What is needed is an exact copy of every line from the one containing "Crowded 5th Avenue" through the end of the entries; please set it down without any pictures.

==================================================

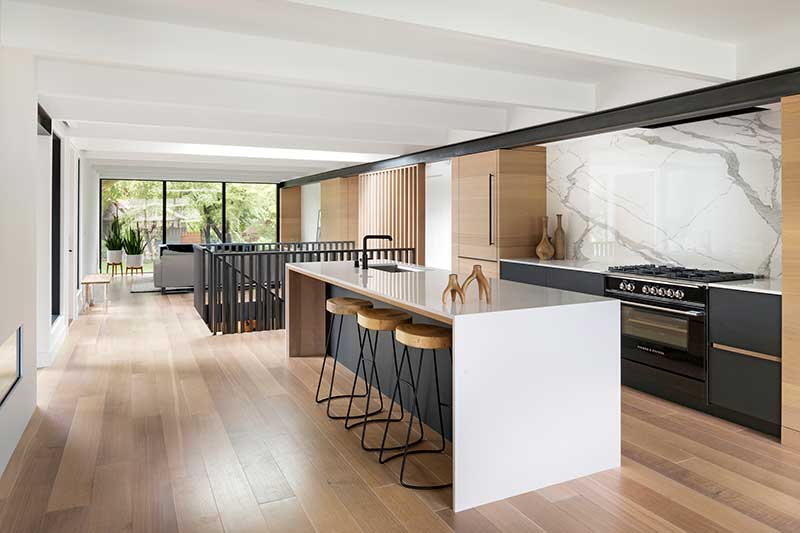The minimalist kitchen of a modern home in Golden Valley, Minnesota features Marvin Modern windows.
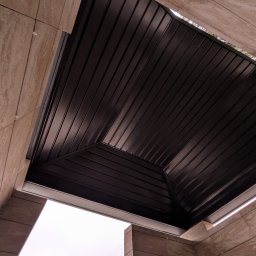 Dachy NP - Nowoczesne zadaszenie z ciemnej blachy trapezowej, widok z dołu, z elementami wykończenia z płytek imitujących kamień. Minimalistyczny design.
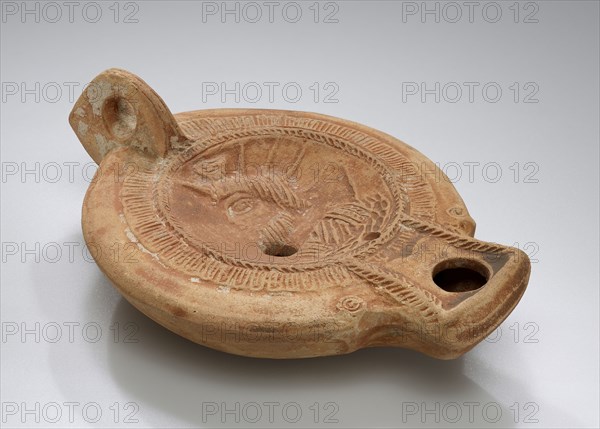 Lamp, North Africa; 1st - 4th century; Terracotta; 2.3 x 8.2 x 11.6 cm, 7,8 x 3 1,4 x 4 9,16 in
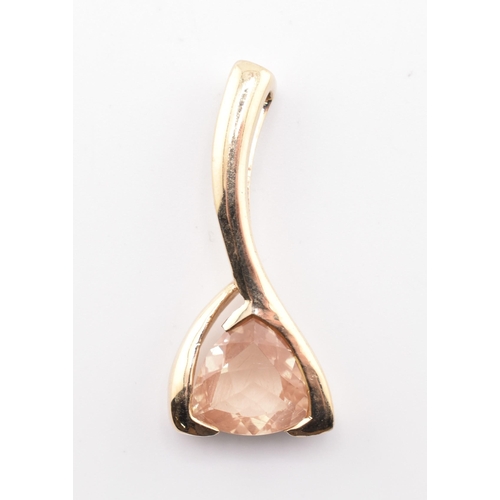 322 - A hallmarked 9ct and Tibetan sunstone necklace pendant. The 9ct yellow gold necklace pendant set wit... 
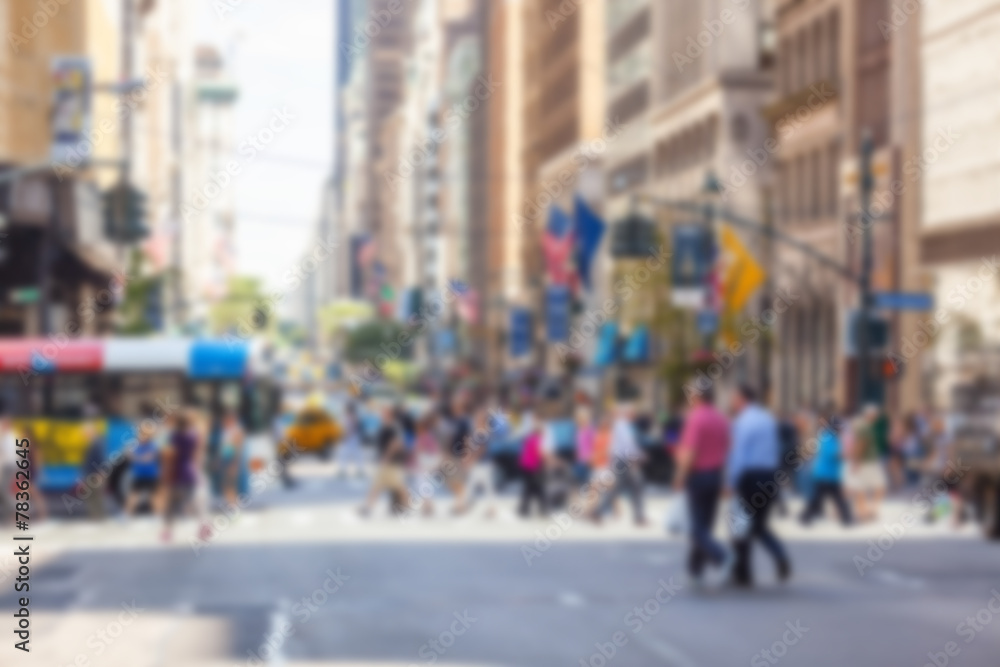 Crowded 5th Avenue with tourists crossing zebra. Blurred Backgro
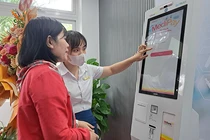 Nhân viên Bệnh viện Đà Nẵng hướng dẫn người bệnh sử dụng Ki-ốt y tế thông minh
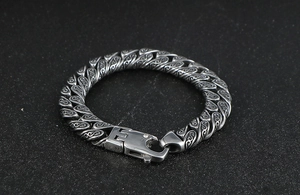 Macro shot of vintage stainless steel Cuban link bracelet with engraved floral patterns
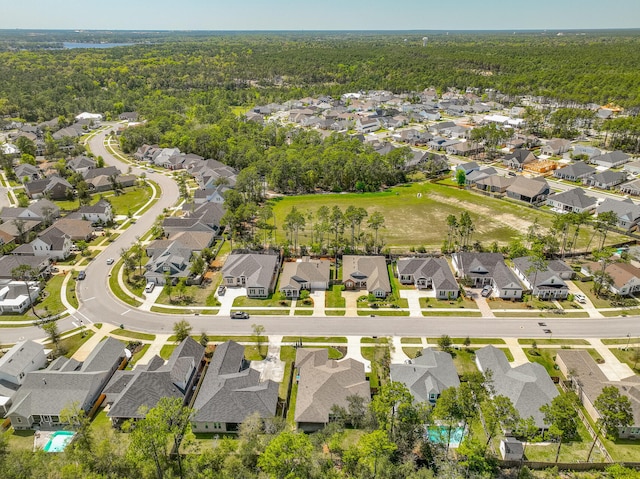 1160 Deer Moss Loop, Niceville, FL 32578 - drone / aerial view featuring a wooded view and a residential view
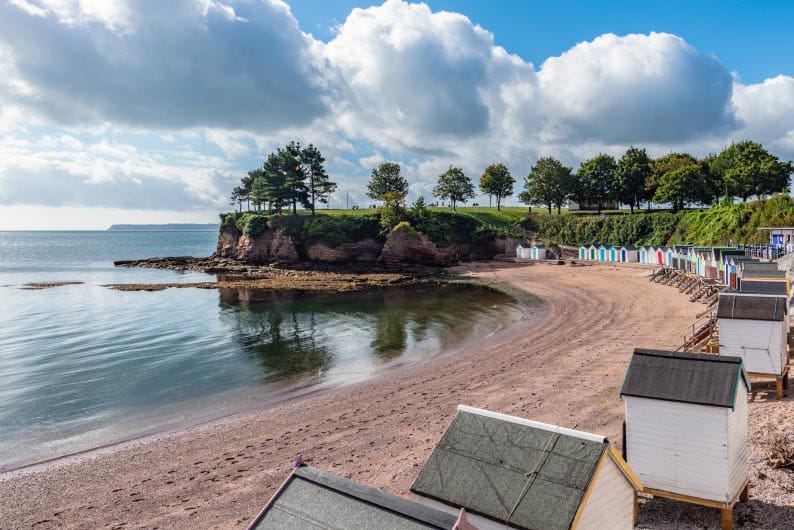 Beach and rocks with beach huts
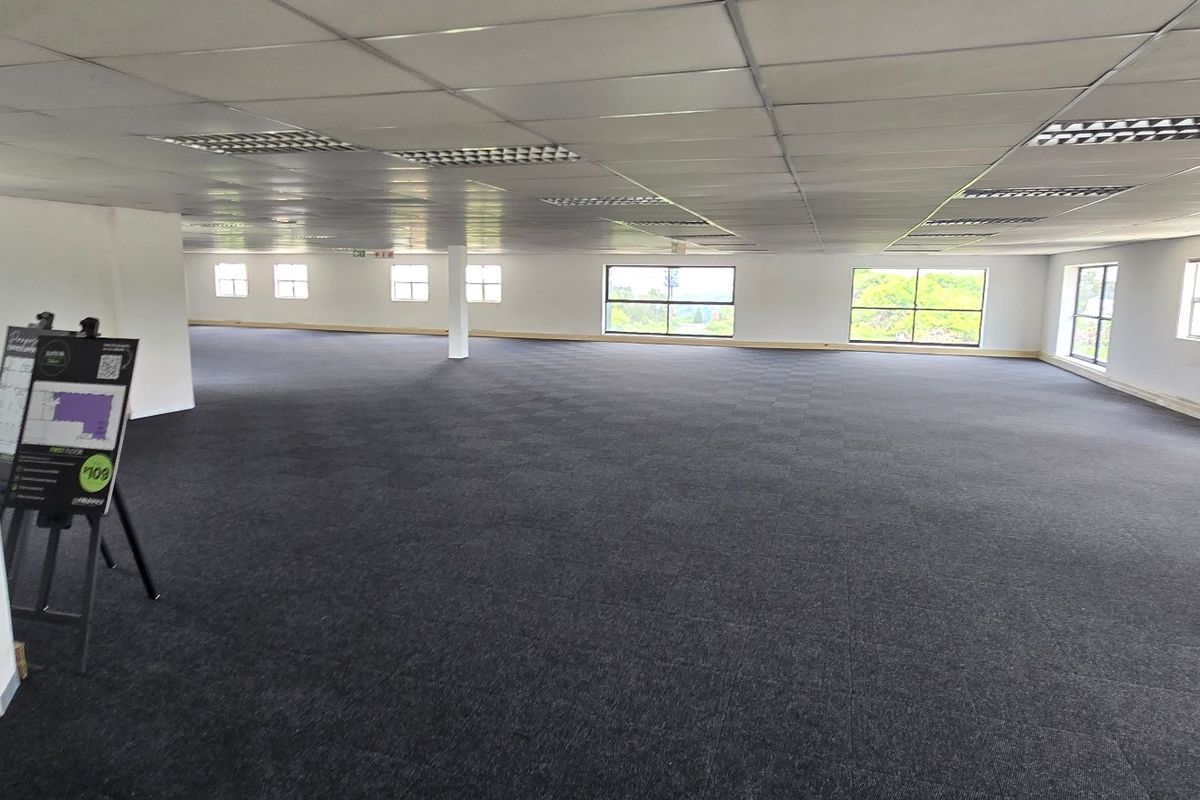 A spacious, open-plan commercial office area featuring a suspended ceiling, recessed lighting, and dark carpet tiles, offering a versatile workspace with ample natural light.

==================================================

_Result_:
 Crowded 5th Avenue with tourists crossing zebra. Blurred Backgro
 Nhân viên Bệnh viện Đà Nẵng hướng dẫn người bệnh sử dụng Ki-ốt y tế thông minh
 Macro shot of vintage stainless steel Cuban link bracelet with engraved floral patterns
 1160 Deer Moss Loop, Niceville, FL 32578 - drone / aerial view featuring a wooded view and a residential view
 Beach and rocks with beach huts
 A spacious, open-plan commercial office area featuring a suspended ceiling, recessed lighting, and dark carpet tiles, offering a versatile workspace with ample natural light.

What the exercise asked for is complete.